Grafikte 1870 – 2020 yılları arasında bazı ülkelerin 15 – 64 yaş arasındaki nüfusunun ortalama eğitim süresi verilmiş. Bu grafiğe göre 15 – 64 yaş aralığında eğitim süresi ortalamamız 8,5 yılken Dünya ortalaması 8,8 yıl5. Yani ortalama eğitim süremiz Dünya’nın ortalama eğitim süresinin altında. Tabi verilere dair “Bizim genç nüfusumuz pek çok ülkeye göre fazla. 15 yaşındaki birisi maksimum 9 sene eğitim görmüş olacaktır. O sebepten bu grafik farklı şartlardaki ülkeleri aldatıcı bir şekilde kıyaslıyor” şeklinde bir itiraz gelebilir. Öncelikle bu sava bir bakımdan katıldığımı bir bakımdan da katılmadığımı söylemeliyim. Evet nüfusumuz dolayısıyla ortalamamız düşük çıkıyor. Ülkeyi kalkındıracak nüfus aktif nüfussa elbette onları kıyaslamak daha doğru olacaktır. O da 25 – 60 aralığı denebilir. Ama grafik zaten 10 sene sonraki beşeri sermayemiz hakkında bir şey söyleme gayesiyle oluşturulmamış. Grafik ülkelerin şu anki beşeri sermayeleri hakkında bir veri sunuyor bize. Kimler kimlerin sırtından geçiniyor buna dair bile bir bakış elde edebiliriz bu grafiğe bakarak.

Ama haydi sizin güzel hatırınız için Dünya Bankası verilerine6 de bakalım. Dünya bankası +25 yaş nüfusu kıyaslamış. Son ölçümü yaptıkları 2017 yılındaki verilere göreyse 25 yaşından büyük kişilerde eğitim süresi ortalamamız 8,17 yıl.

Yılda ortalama 0,15 puanlık artış göstermişiz. Bu durumda Dünya Bankası’nın eksik son 3 yıllık verisini farazi olarak yukarıdaki grafiğin son verisi olan 2020 yılına kadar taşırsak 2020 yılındaki 25 yaş üstü eğitim ortalamamız 8,67 yıl olacaktır. Yani 15 – 64 yaş nüfus kıyaslamasına göre ortalama eğitim süremiz 8,5 yıl iken +25 yaş verisine göre ortalama eğitim süremiz kabaca 8,67 yıl diyebiliriz. Arada ciddi bir fark yok gibi duruyor.

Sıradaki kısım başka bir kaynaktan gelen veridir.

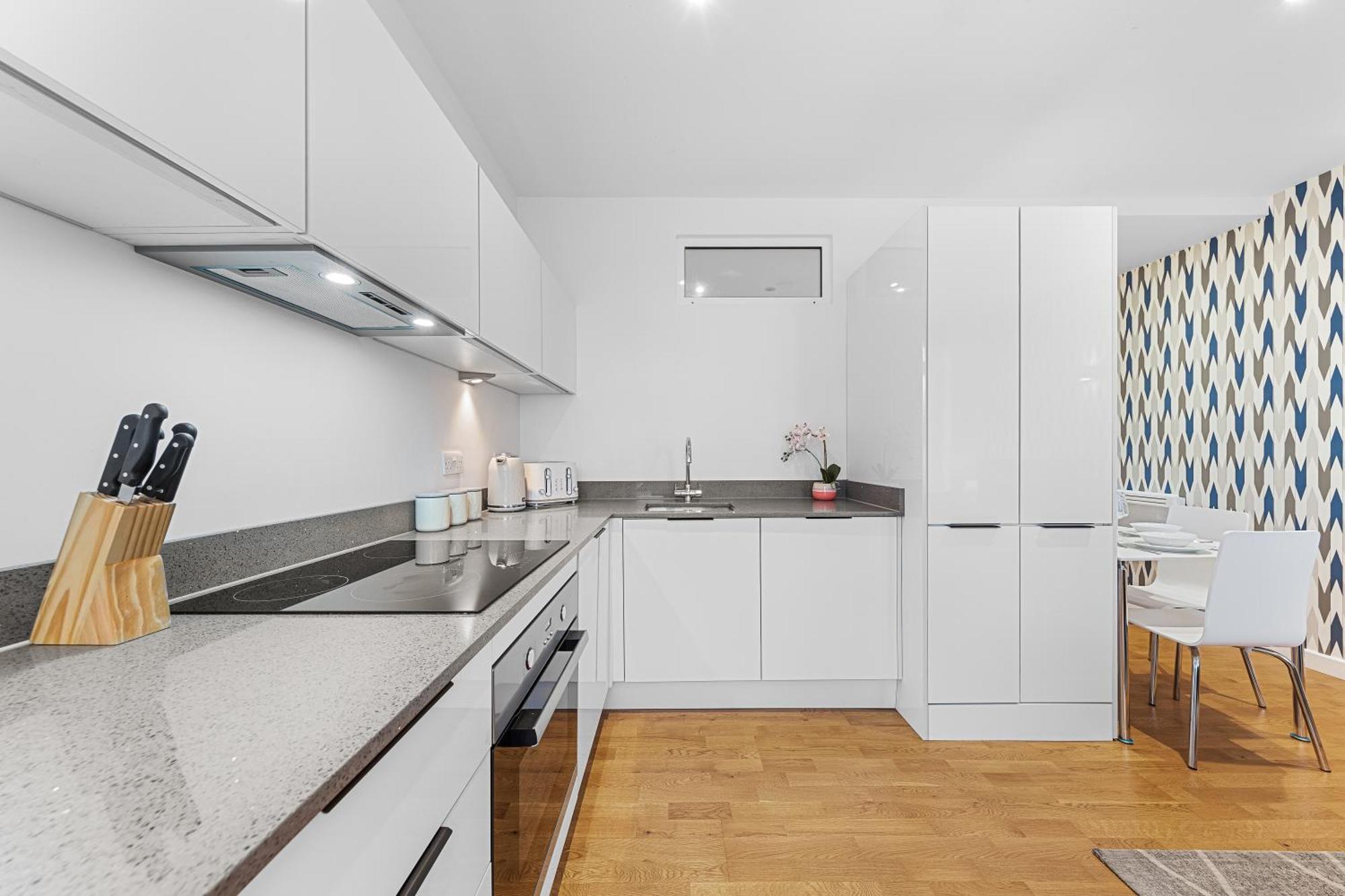 Modern One Bedroom Flat - Near Heathrow, Windsor Castle, Thorpe Park - Staines Tw18 London
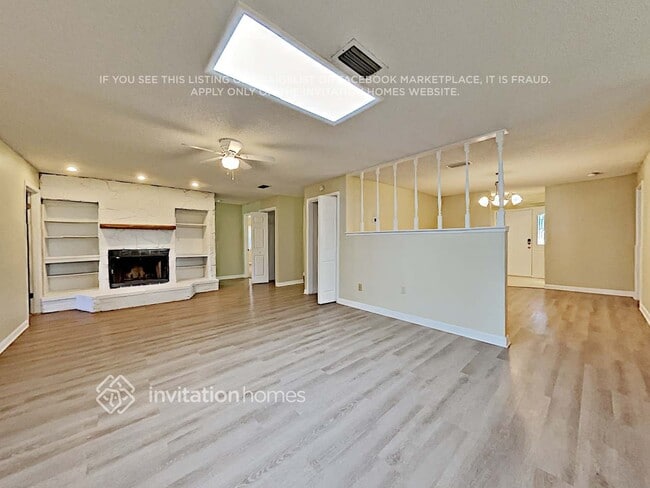 Photo - 1760 Harbor Oaks Pl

Eğitim süresi ortalamamız bu hızla artmaya da devam ederse 25 yaş üstü ortalama eğitim süremiz 2053 yılında 13,67 yıla çıkacak ve 30 sene sonra Güney Kore’nin bugünkü halini yakalayabileceğiz.

Grafiği daha kolay görebilmek için liste halinde de vermişler:

Her neyse, esasa gelelim. Ülkeleri rastgele seçtim. Komik olan şey ne biliyor musunuz? Bu grafiğe bakmadan önce ben de bilmiyordum. Eğitimde de neredeyse Dünya ortalamasındayız. Şaka gibi. Burada da vasat çıktık iyi mi?

Peki hocam hali hazırda okuyan kişilerin akademik yetilerini ölçen testlerde dünyada vasat, OECD’de berbat durumda olan bir ülkede, ortalama eğitim süresinin 8’in biraz üstünde olduğu bir ülkede neyin beşeri sermayesinden bahsedebiliriz?

Yabancı dil

Aşağıdaki grafikte AB’nin yaptığı yabancı dil yetkinliği araştırması görülmekte. Yabancı dil konuşamayanlar ve 1 – 3 dil arası konuşabilenler ülkelere göre yüzdesel olarak verilmiş7.

Türkiye’nin her 4 kıstasta da verisinin olduğu tek yıl 2007 olduğu için, AB ile 2007 yılımızı kıyaslayacağım.

AB’nin yaptığı araştırmaya göre 2007 yılında yabancı dil bilme ve bilmeme oranları aşağıdaki gibi:

Grafiğe göre AB ülkelerinde aşağı yukarı 3 kişiden ancak 1 kişi yabancı dil bilmezken bizde 3 kişiden 2’si yabancı dil bilmiyor. Yani cehalette AB’yi 2’ye katlamışız. 1 yabancı dil bilen oranımızsa AB’nin neredeyse yarısı. 2 ve 3 yabancı dil bilendeyse AB ile aramızdaki fark hesaplamanın gereksiz olduğu bir boyutta.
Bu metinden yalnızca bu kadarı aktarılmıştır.